Generally speaking, the whole cake is divided into four parts, for example, a cake is divided into four parts, where 1 yes 1/4, two parts are 2/4, three parts are 3/4 and four parts are 4/4, which is a complete cake. It is particularly important to note here that the fractional unit obtained by equal division is 1/4, while 2/4 refers to two fractional units: 2/4 = 2× 1/4 = 1/4, and so on. At this time, it involves the comparison and operation of scores, which needs to be divided into two situations.

① The denominators of the two fractions are the same.

The denominator is the same, which means that the decimal units of the two fractions are the same. Just compare two scores directly: 3/4 > 1/4 (three 1/4 must be greater than11/4); For the addition and subtraction of two fractions, it is also easy to get: 3/4- 1/4 = 2/4 (3 decimal units minus 1 decimal unit equals 2 decimal units).

? ② The denominators of the two fractions are different.

Because the denominators of the two fractions are different, it shows that the decimal units of the two fractions are different, so it is necessary to further divide them on the basis of the original decimal units in order to compare the sizes of the two fractions and add and subtract them on the same decimal unit. For example, to compare the sizes of 1/2 and 1/5, you need to divide the cake into two parts and then divide the cake into five parts. For each cake divided into two parts, divide it into five equal parts. For each cake divided into five parts, refer to the figure below. The units obtained are all110 of the original integer, and a new decimal unit appears. For 1/2, the relationship between the original decimal unit and the new unit is 1/2 = 5. For 1/5, the relationship between the original decimal unit and the new unit is 1/5=2/ 10, so the decimal units are consistent and the sizes can be compared: because 5/ 10 > 2/ 10 >.

Since the decimal unit 1/5 is converted into the new decimal unit110, two copies of the original unit are equivalent to four points of the new unit: 2/5 = 2×1/5 = 2× 2//kloc-0 = 4/. It also demonstrates the nature of the fraction: the numerator and denominator of the fraction expand or shrink at the same time by the same multiple, and the size of the fraction remains unchanged. Other addition and subtraction operations of fractions without denominator can be solved by using the properties of general fractions.

? To put it simply, it is what we often say in class: the same denominator scores are directly added and subtracted, and the different denominator scores are divided first and then added and subtracted. (The principle of general division has been discussed above)

Second, the overall proportional relationship.

Fraction can also represent the integer ratio between the quantities of two things, or measure the quantity of another thing by integer multiples based on the quantity of one thing.
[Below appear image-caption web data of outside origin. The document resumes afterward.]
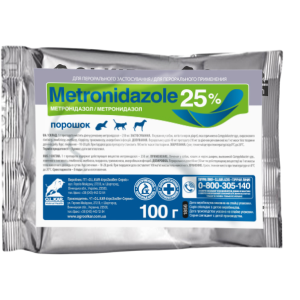 Метронідазол 25% 100 г O.L.KAR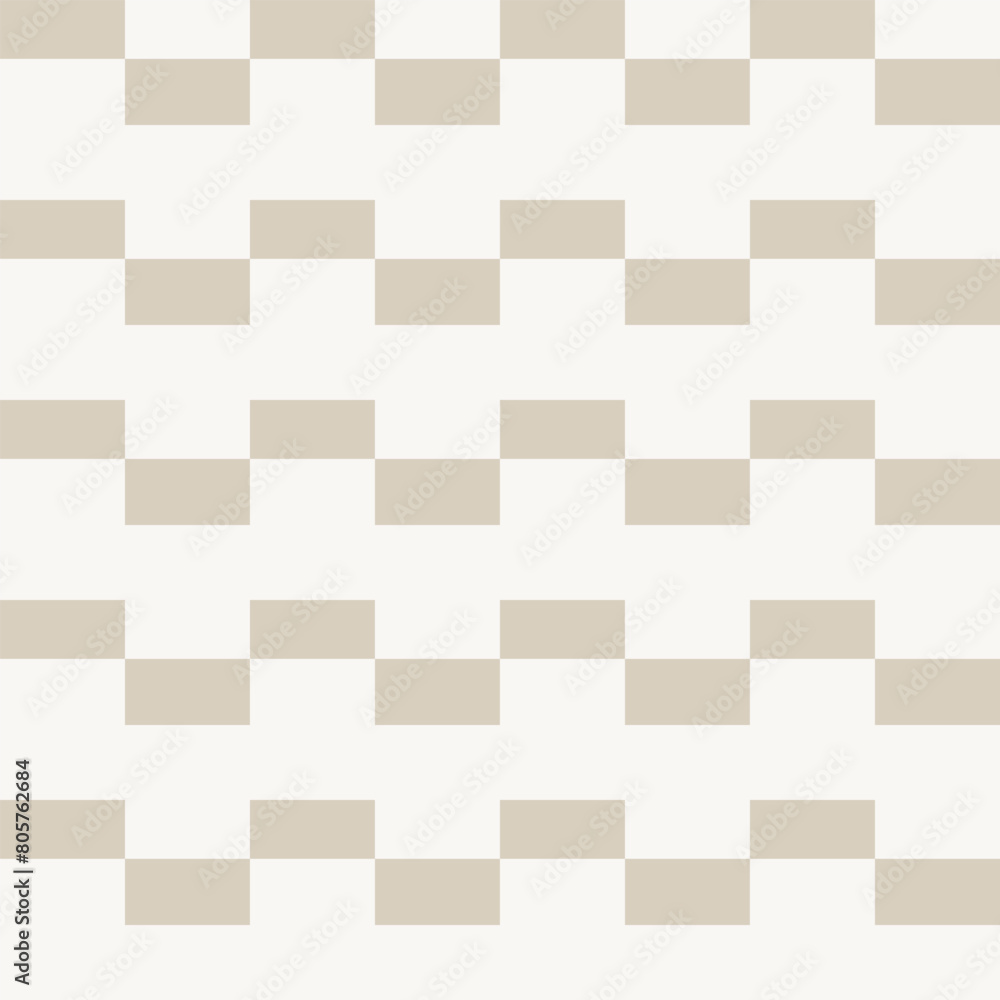 Neutral Colour Geometric Squares Seamless Pattern Design Neutral Colour Geometric Squares Seamless Pattern Design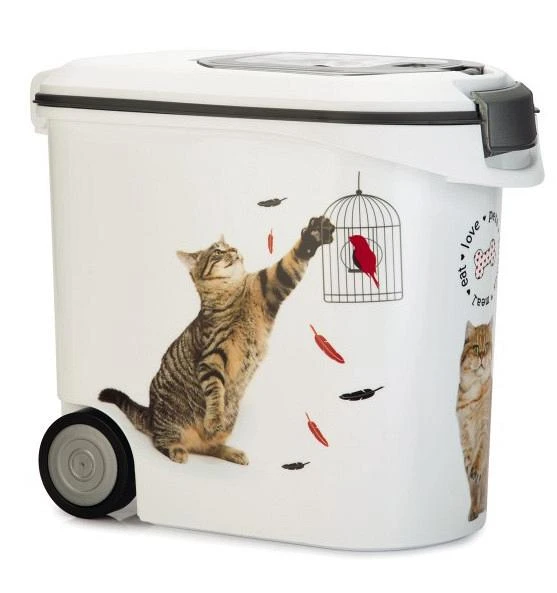 Curver Voedselcontainer Kat 35 Ltr 1 Curver Voedselcontainer Kat 35 Ltr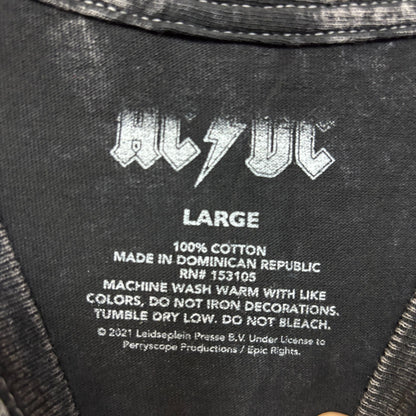 AC/DC high way to hell tour Tshirt size large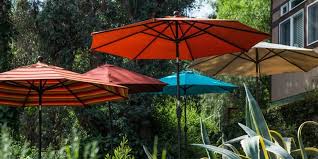 As the leading uk garden umbrella supplier shade specialists can offer a wide range of quality garden parasols ideal for residential use, whether you. The Best Patio Umbrella And Stand For 2021 Reviews By Wirecutter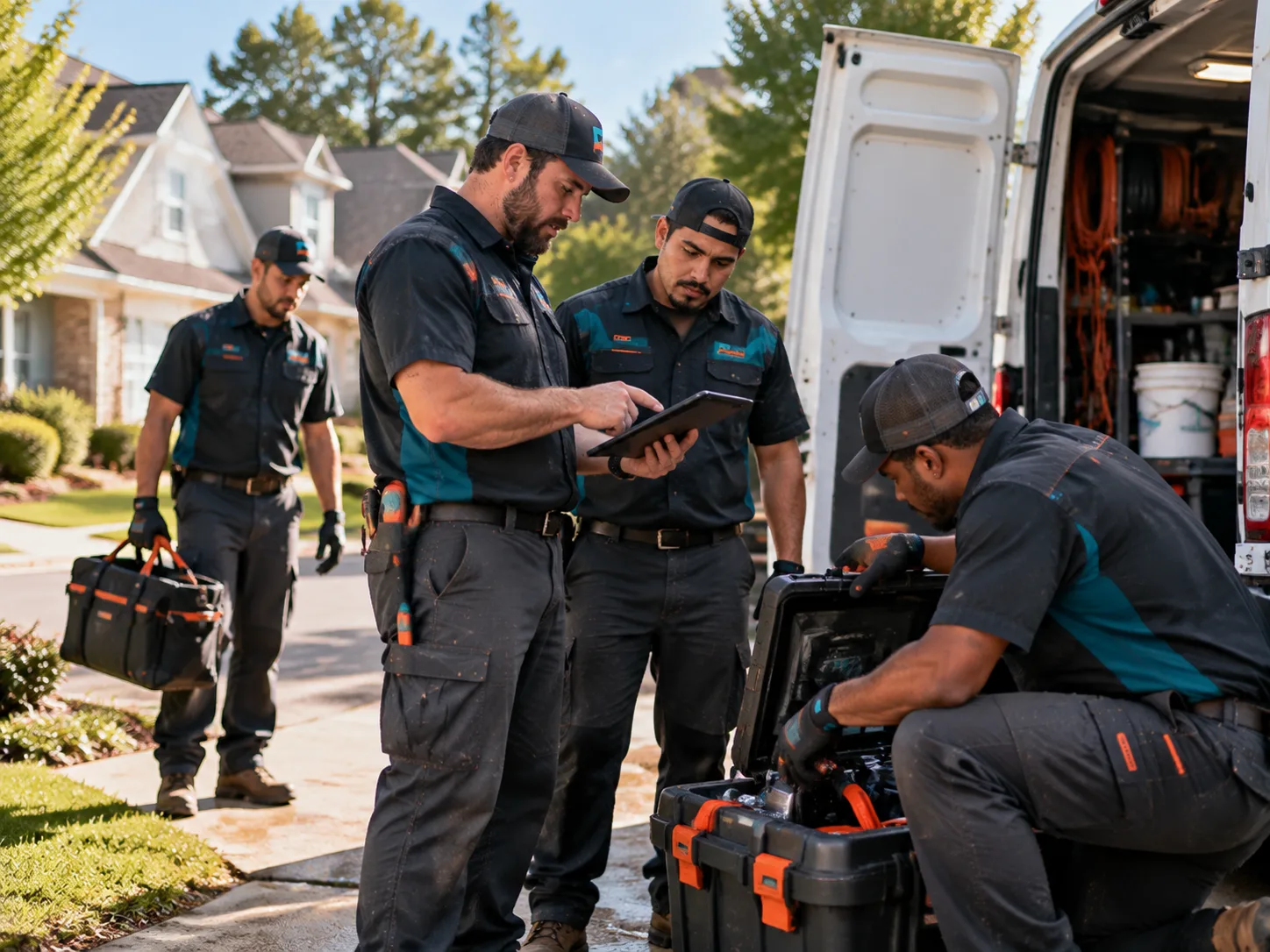 Clogged Drain Service in Monroe, GA near me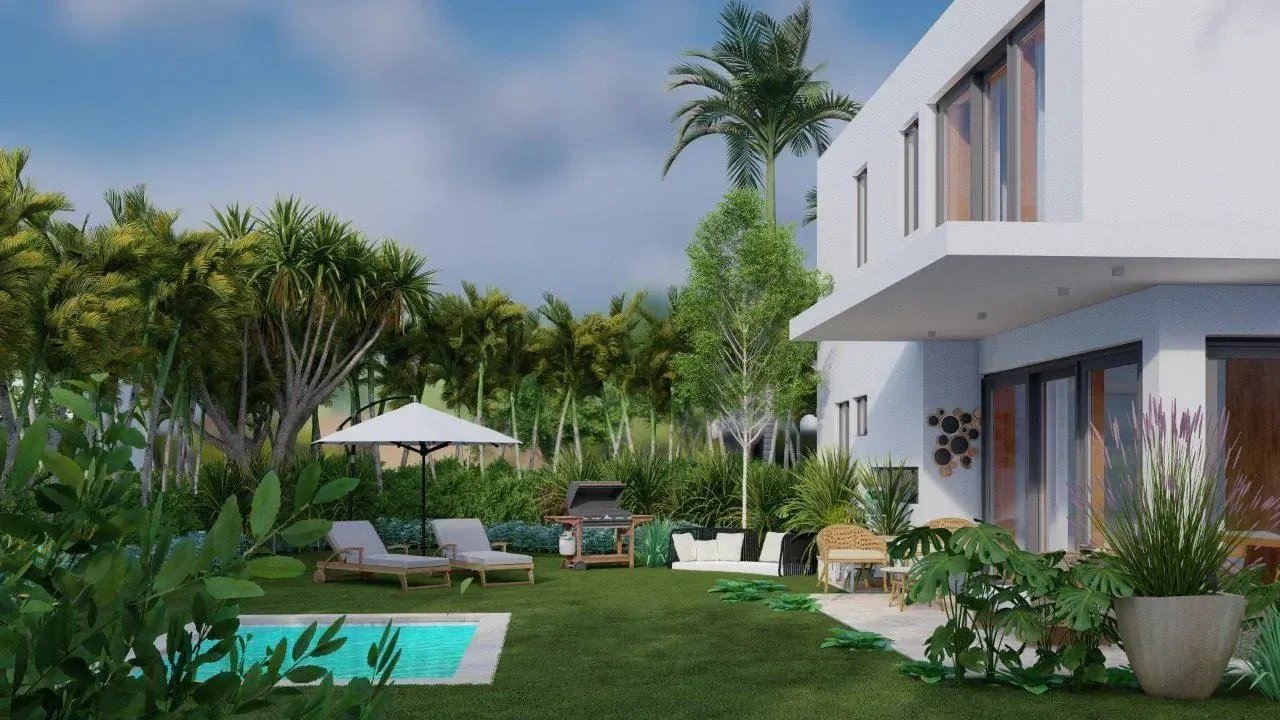 Punta cana: villa 3 hab. · 183.48 m² en venta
We use an example to understand:

Here 1/3 is about proportion, and the key to solving the problem is to understand the meaning of 1/3.

Method 1: The number of geese is 65438+ 0/3 of the number of ducks (1 3 of the number of ducks is the number of geese), that is,1goose corresponds to 3 ducks, 2 geese correspond to 6 ducks, 3 geese correspond to 9 ducks and 4 geese correspond to 12 ducks.

Method 2: Backward deduction, the number of geese is 1/3 of that of ducks, and the number of ducks is 1/3 of that of geese, which means that the number of ducks is three times that of geese. The understanding of drawing is as follows.

? Method 3: Set the unknown number X, which is a general mathematical expression that we prefer: use X to represent the number of ducks, and get the proportional relationship of the number of geese and ducks 4:x= 1:3. With the help of this proportional relationship, we can get the desired result through two operation methods, one is the multiplication mentioned above (drawing is easier to understand), and the other is the division expected in the textbook: the number of ducks =4÷ 1/3=4×3= 12, which involves the topic 2/kloc-in the title article. (2) Why multiply the reciprocal?

(1) Why use division?

Many people are confused about this problem, mainly because of scores. Why use scores to score? According to the discussion of division, it is emphasized that division should also be used for the problem of "A is y times of B", and the operation form is: A ÷ B = Y. Because the divisor B and quotient Y are symmetrical in this operation form, the formula can be equivalent to: A ÷ Y = B. According to the latter formula, we can know that we should also use division for the problem of "Knowing A is y times of B and how much B is".

? The problem that the number of geese is 1/3 of the number of ducks is obviously solved by division: the number of ducks = the number of geese1/3, that is, 41/3.

? (2) Why multiply the reciprocal?

? The rule of 4÷ 1/3=4×3= 12 is very important and needs to be remembered, but in teaching, students should also be more or less aware of the topic and try to explain this rule. Personally, I think this rule can be well proved according to "division is the inverse operation of multiplication", as shown in the following figure.

This is a good argument: dividing by a fraction is equal to multiplying the reciprocal of this fraction.